Some Pictures Are Painful To Look At
As I searched for pictures for my branding journey article, which will be published next week, I came across this picture.
And I was immediately transported back to this time in my life. I vividly remember the emotional pain I was feeling and the betrayal I discovered, but it was also accompanied by mixed feelings because I had just been promoted at work - which felt like an all-too-common theme in my life, having to carry sorrow and joy simultaneously. Let me explain what was happening.
A week or so before this picture was taken, I had discovered a video which confirmed what I had already thought was happening, but couldn’t bring myself to believe, that there was infidelity in my marriage. The video served as physical evidence of what everyone already knew. It was a punch in the throat and stomach, and broke me to pieces.
Too many times over the years, I had seen inappropriate messages and pictures, which is considered infidelity, too. Still, it wasn’t physical so, I would justify it over and over again. “It’s just messages.” I would tell myself. “Those girls mean nothing, I’m with you.” He would tell me. And over and over, the cycle went on for years. Creating more insecurities, more triggers, more lies, and more blame on myself.
A few days after the discovery, it was announced that I would be moving to a different role within the company I was at. It was exciting because it was a promotion, I would be moving to a different department, and honestly, it was the first time I had ever experienced a promotion in my career, as I was fairly new to corporate America.
Let me add more, because there is always more. This was also around the time when we were going to be celebrating our dating anniversary.
This picture was taken at Olive Garden. I told him we could go out to dinner to celebrate my promotion, but that was it. We weren’t celebrating our anniversary or anything else because I was extremely hurt and wasn’t sure where our marriage stood.
After taking the picture, I made it my Facebook profile picture, and the caption read, “Broken Beautifully.” No one knew the depth of the pain I was in, and the comments all mentioned how beautiful I looked in the picture.
As I read the comments, I felt a sense of being fake, hurt, and thought, “So much can be hidden with make-up and a smile.” But when I look at that photo now, I see it. I wasn’t really smiling. My eyes were sad—so incredibly sad. And when I came across it a few weeks ago, all the memories resurfaced.
Through therapy, I’ve started peeling back the layers—understanding how much our childhoods and relationships shape our adult lives. How we react. What we tolerate. Whether we set boundaries. And because I struggled with self-esteem in my early years, I tolerated a lot. Too much, honestly. But back then, I thought—deep down—that it’s what I deserved.
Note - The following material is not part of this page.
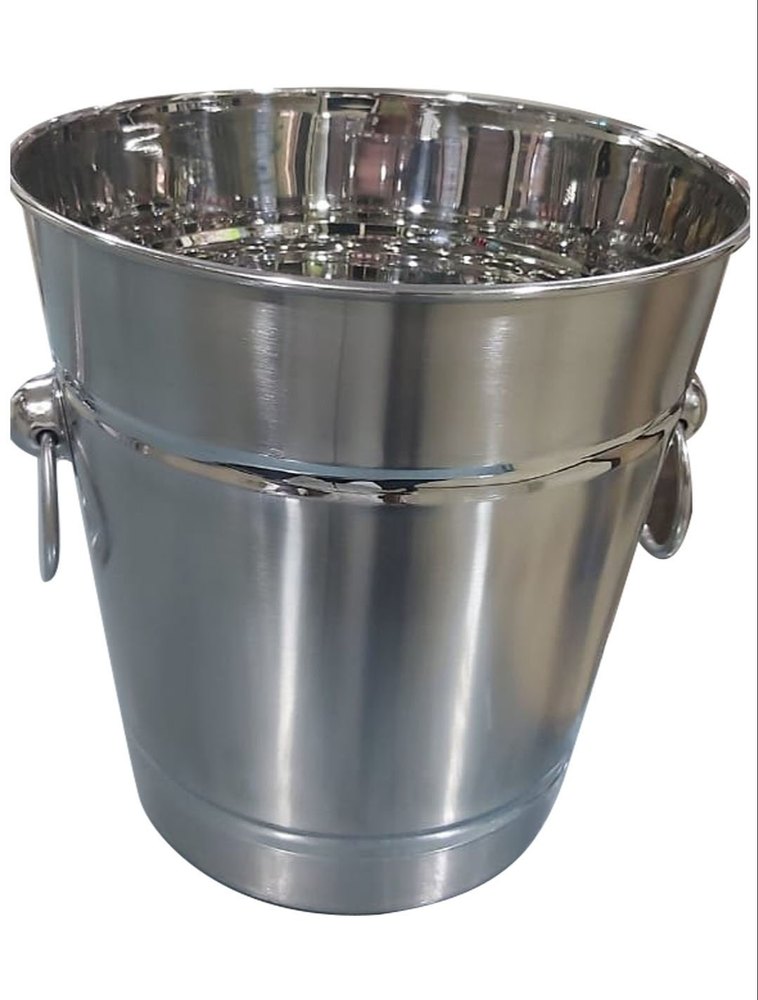Stainless Steel Ice Bucket With Handles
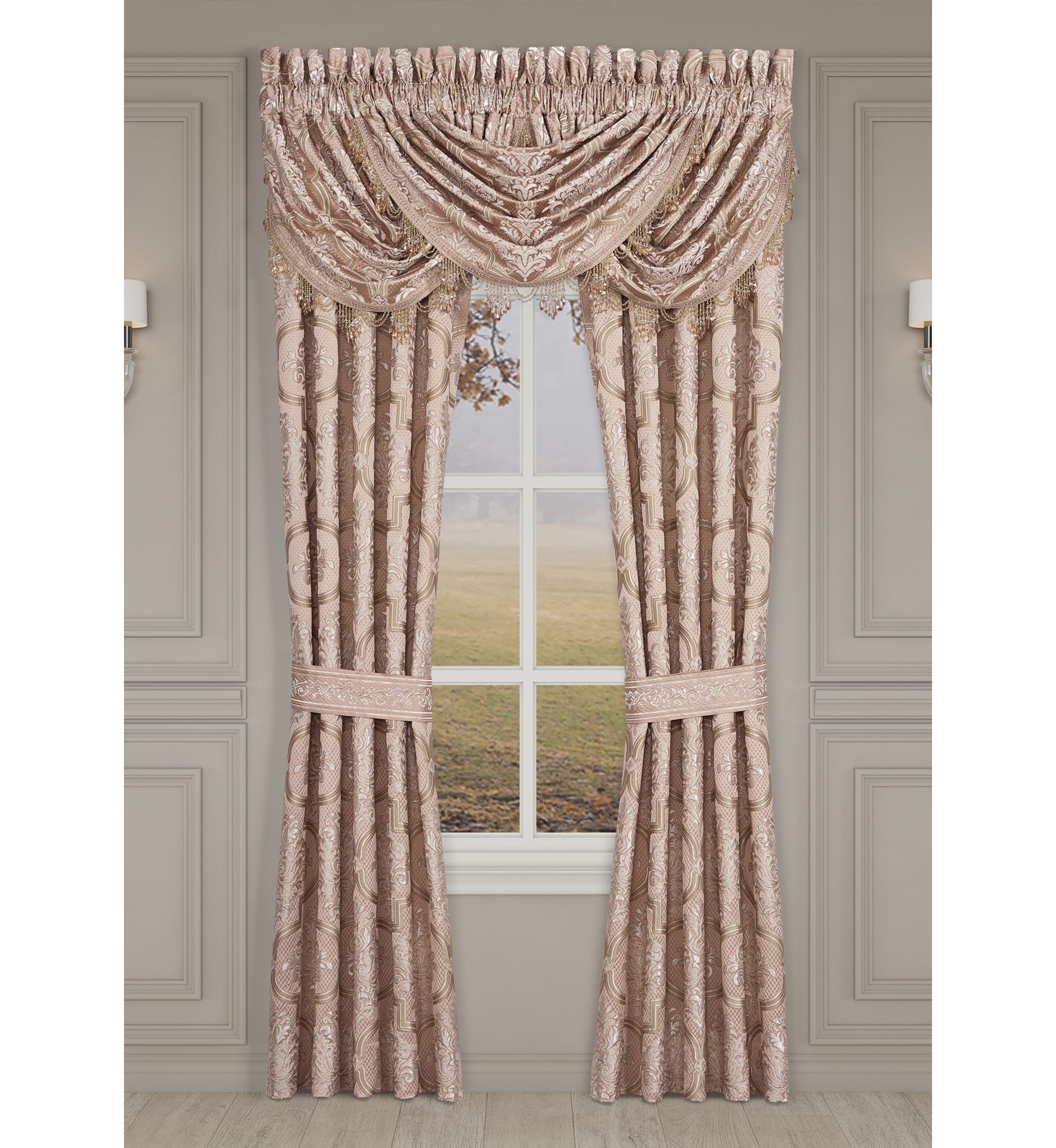 Rosewater Window Panel Pair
As I’ve been working through my traumas with my therapist, I’ve learned how much our childhood and relationships play a significant role in our adult lives. How you react to certain things, if you’re able to establish healthy boundaries, and what you tolerate from others, etc. And because of my lack of self-esteem in my early years, I tolerated a lot. Too much, if you ask me now, but it was what I thought, subconsciously, that I deserved.
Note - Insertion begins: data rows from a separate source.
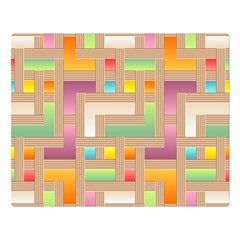 Abstract Background Colorful Double Sided Flano Blanket (large) 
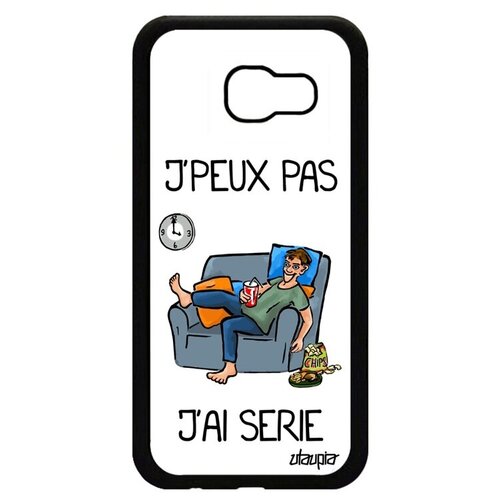фото Чехол на смартфон // galaxy a5 2017 // "не могу - у меня сериал!" пародия карикатура, utaupia, белый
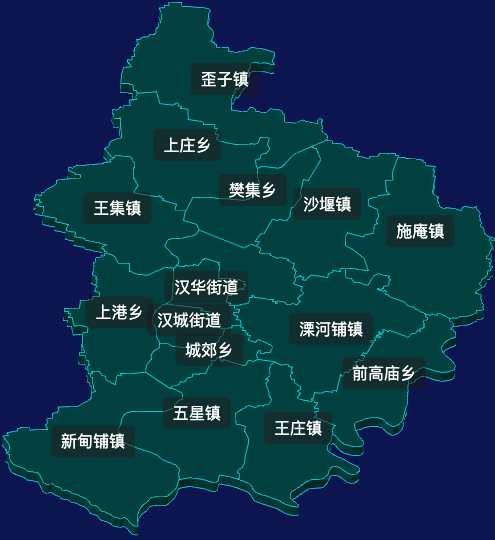 threejs南阳市新野县geoJson地图3d地图css2d标签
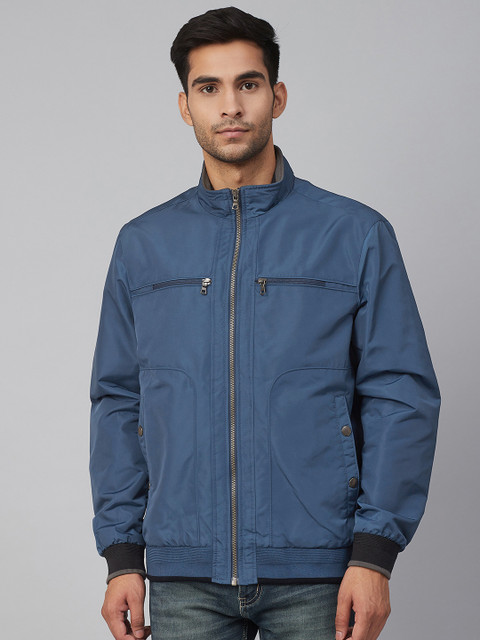 

Marks & Spencer Men Teal Blue Solid Bomber Jacket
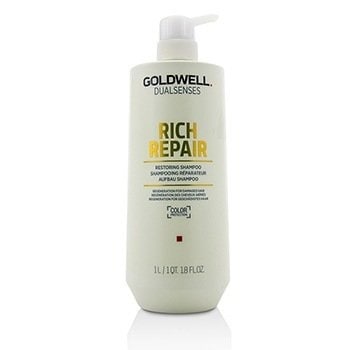 ゴールドウェル Goldwell Dual Senses Rich Repair Restoring Shampoo (Regeneration For Damaged Hair) 1000ml/3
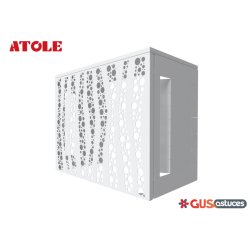 Cache climatisation Bubble Blanc Atole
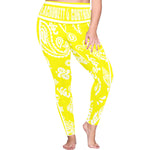 BANDANA PAISLEY Plus Size High Waist Leggings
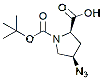 Molecular structure of the compound: cis-4-Azido-N-Boc-L-proline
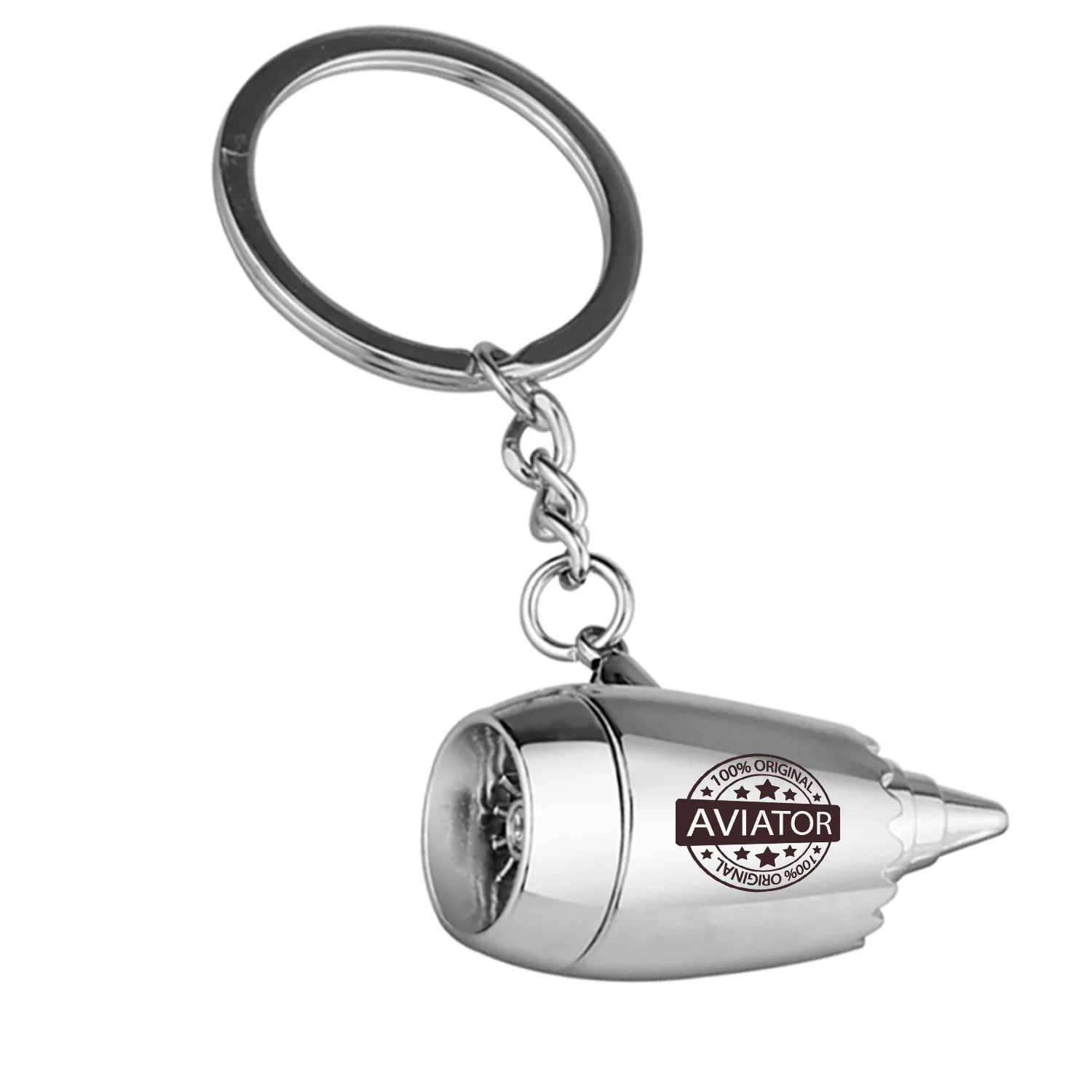 100 Original Aviator Jet Engine Turbine Key Chains - Image 2
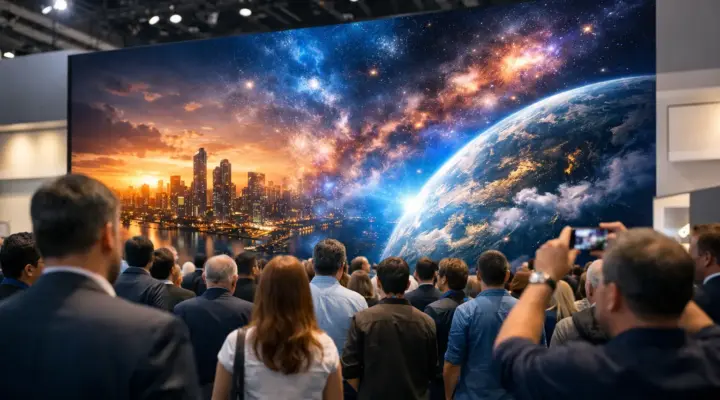 LED Video Wall for Exhibitions That Draws Crowds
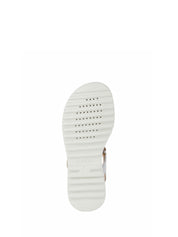 Sandali con strappi Argento Geox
Uncovering layers, upon layers of trauma, and how events are interrelated and intertwined in my mind has been a lot of work and emotionally draining, and exhausting. But I’m not hiding behind “That’s just how I am” anymore.
I’m not my past. I’m not a victim.
I am choosing to heal—not just for me, but for my children. They deserve a mother who is healing, happy, and thriving. So that they, too, can thrive.
With Love, Heidy
P.S. This article would have been for my paid subscribers, but I recently turned off paid subscriptions.